Senate Finance Committee Chairman Chuck Grassley voiced support of a Trade Promotion Authority extension, potentially coupled with a one-year farm bill extension in comments to the Agribusiness Club of Washington this week.
"If a breakthrough doesn't happen - and very soon - I just don't see any way of getting the Doha Round done in 2006. The Doha Round negotiations have to be done by the end of 2006 to meet the deadline of Trade Promotion Authority, which expires in July 2007," says Grassley. "But given protectionist views in Congress, I doubt we'll be able to extend it past July 2007."
Grassley says TPA extension might gain greater support when paired with an extension of the current farm bill.

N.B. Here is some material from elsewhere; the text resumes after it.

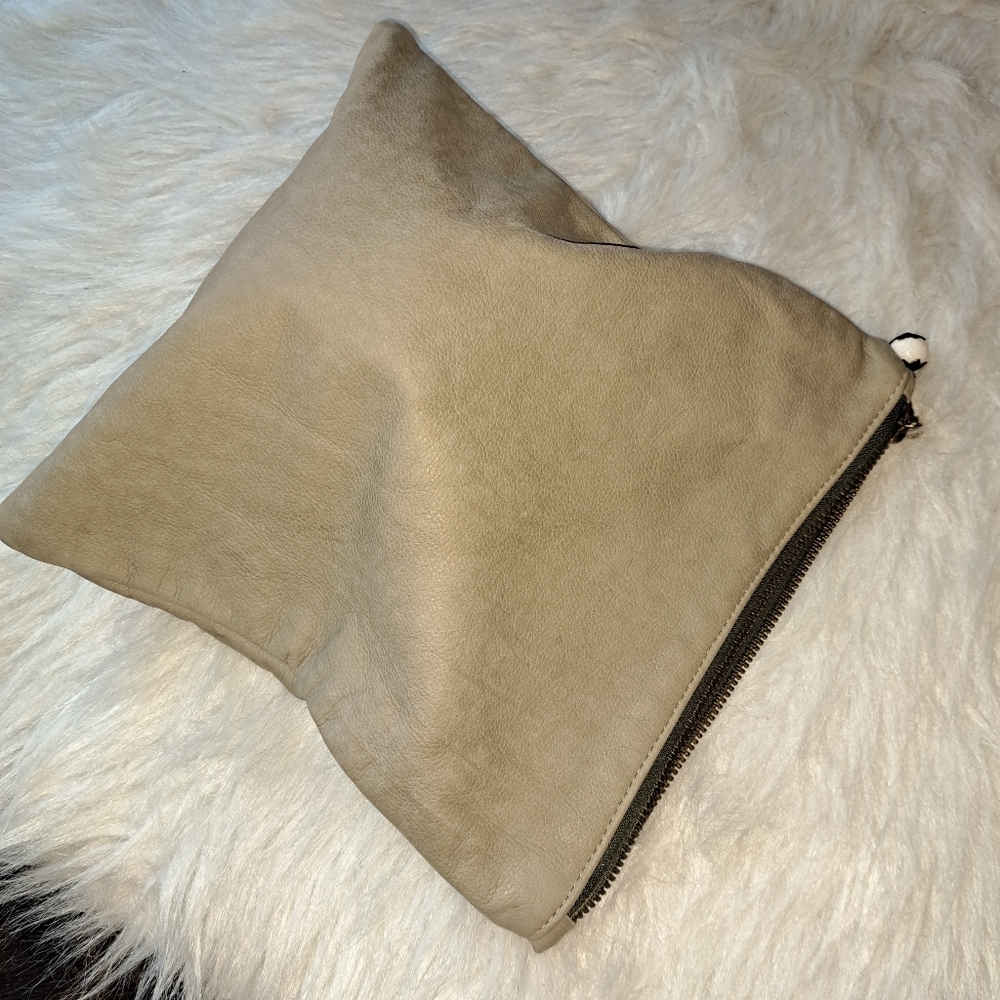 C. Blau Vintage Clutch Numbered 0070. Gold tone name plate and Bead Zip. Leather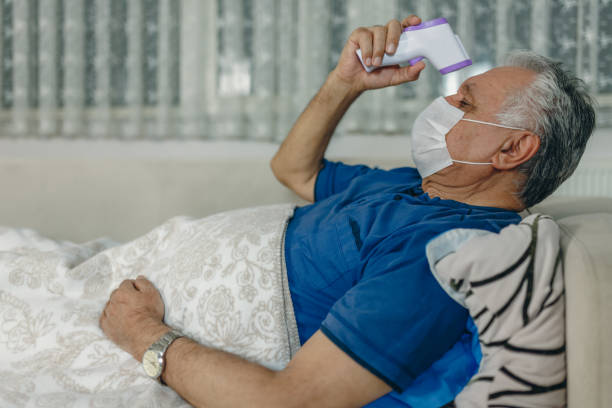 istock the patient under observation at home measures his fever 1213782463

The United States offered a 60% subsidy reduction if others are willing to provide greater market access. USDA estimates that getting rid of market-distorting agricultural protection could increase the value of U.S. agriculture exports by at least 19%.
The average bound world agricultural tariff is 62%. The average U.S. bound agricultural tariff is only 12%. The average applied agricultural and food tariff of Brazil - a leader of the G-20 - is 5%. "That's more than twice as high as the average applied agricultural tariff of the United States," he explains. "India, another G-20 leader, applies tariffs to agricultural and food products that are more than 20 times higher than those of the United States."
Grassley warns that the Doha Round is a "once-in-a-generation opportunity to significantly reduce the barriers that impede agricultural trade. If it fails, I don't see the stars aligning for another multilateral trade breakthrough for agriculture for possibly years and years."